Powers of attorney for healthcare decision making are a valuable tool to ensure that your medical wishes are carried out if you become incapacitated and unable to express your desires. However, these powers can be abused and cost you dearly - in terms of your personal well-being and even your finances.
Here's a real life story to illustrate:
Dad is 80 years old and suffers from dementia. While mentally incapacitated, his son manipulates Dad into signing powers of attorney for both finances and for healthcare.
Dad has enough money in various investments and bank accounts to pay for in-home caregiving services. These services are very expensive, but he, like most elderly individuals, would prefer to remain at home in a familiar and comfortable environment. If Dad was mentally capable of deciding where he would live and whether his savings should be used for his care, then he certainly would choose to remain at home.
Unfortunately, his son has different ideas. He views Dad as a cash cow, and sees no reason why Dad's money should be used for in-home care and deplete son's inheritance.
Therefore, son uses the power of attorney for healthcare (referred to as an Advance Health Care Directive in California) to have Dad permanently placed in a nursing home. Son also speaks with the nursing staff, and convinces them that Dad's other children intend to harm him, and that no one is to have any access or communication with Dad, unless son authorizes it.
Isolation is a key element in elder financial abuse. In order for son to carry out his plan, he must make sure that all outside contact with Dad is halted; otherwise, a family member or friend could visit Dad, ask questions of the nursing staff, and uncover son's devious plot of exploitation.
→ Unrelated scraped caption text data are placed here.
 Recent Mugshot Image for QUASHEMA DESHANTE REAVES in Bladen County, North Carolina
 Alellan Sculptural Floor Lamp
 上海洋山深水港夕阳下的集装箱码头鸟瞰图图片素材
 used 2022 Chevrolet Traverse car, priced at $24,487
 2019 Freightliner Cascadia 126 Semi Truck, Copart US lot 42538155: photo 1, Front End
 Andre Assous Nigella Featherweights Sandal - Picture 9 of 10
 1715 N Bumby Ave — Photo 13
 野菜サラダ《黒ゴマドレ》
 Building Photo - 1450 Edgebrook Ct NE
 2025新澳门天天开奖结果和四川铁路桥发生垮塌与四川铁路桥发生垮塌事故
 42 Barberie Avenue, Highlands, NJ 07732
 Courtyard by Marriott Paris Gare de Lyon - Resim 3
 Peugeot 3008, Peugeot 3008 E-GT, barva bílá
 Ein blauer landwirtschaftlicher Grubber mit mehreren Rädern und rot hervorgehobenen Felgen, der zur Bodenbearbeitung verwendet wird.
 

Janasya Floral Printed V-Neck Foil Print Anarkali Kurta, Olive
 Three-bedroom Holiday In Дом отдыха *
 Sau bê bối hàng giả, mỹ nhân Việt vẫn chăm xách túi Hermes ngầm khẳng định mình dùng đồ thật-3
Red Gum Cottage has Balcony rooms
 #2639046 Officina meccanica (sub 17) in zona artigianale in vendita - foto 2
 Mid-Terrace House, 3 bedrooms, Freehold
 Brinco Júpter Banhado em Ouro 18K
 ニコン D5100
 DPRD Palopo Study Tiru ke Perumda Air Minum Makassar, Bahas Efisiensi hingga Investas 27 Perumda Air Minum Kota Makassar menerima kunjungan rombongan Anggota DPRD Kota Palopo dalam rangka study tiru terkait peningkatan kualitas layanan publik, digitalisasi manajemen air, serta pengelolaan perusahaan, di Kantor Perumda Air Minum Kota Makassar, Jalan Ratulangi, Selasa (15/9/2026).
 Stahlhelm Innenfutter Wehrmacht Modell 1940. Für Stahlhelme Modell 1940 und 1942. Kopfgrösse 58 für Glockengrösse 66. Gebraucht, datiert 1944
Now that Dad has been warehoused in a nursing home (via the healthcare power of attorney), son has free rein to use the financial power of attorney to access all of Dad's monies. Son can close accounts, open new accounts in son's name only, and transfer all of Dad's monies. Soon, Dad is broke and the nursing home bills will be paid for by the state.
Sounds incredible, but this is a true story. Fortunately, some help is available, but it requires someone to recognize that abuse is taking place and then step up to the plate and intervene.
In California, for example, nursing home personnel are mandated reporters. This means that the law requires that they report, to law enforcement or Adult Protective Services, any reasonable suspicion that elder abuse is occurring. The tip can be anonymous. Adult Protective Services would then interview Dad, the nursing staff, and son, and determine whether abuse is taking place and whether the matter needs to be referred to law enforcement.
An elder law attorney can also assist with civil litigation to freeze Dad's accounts, recover the monies wrongfully taken, and return Dad to his home with in-home health care assistance; provided, however, that son has not already spent most of Dad's money.
While a power of attorney for healthcare is an important tool, it can also be abused if placed into the hands of an unscrupulous person.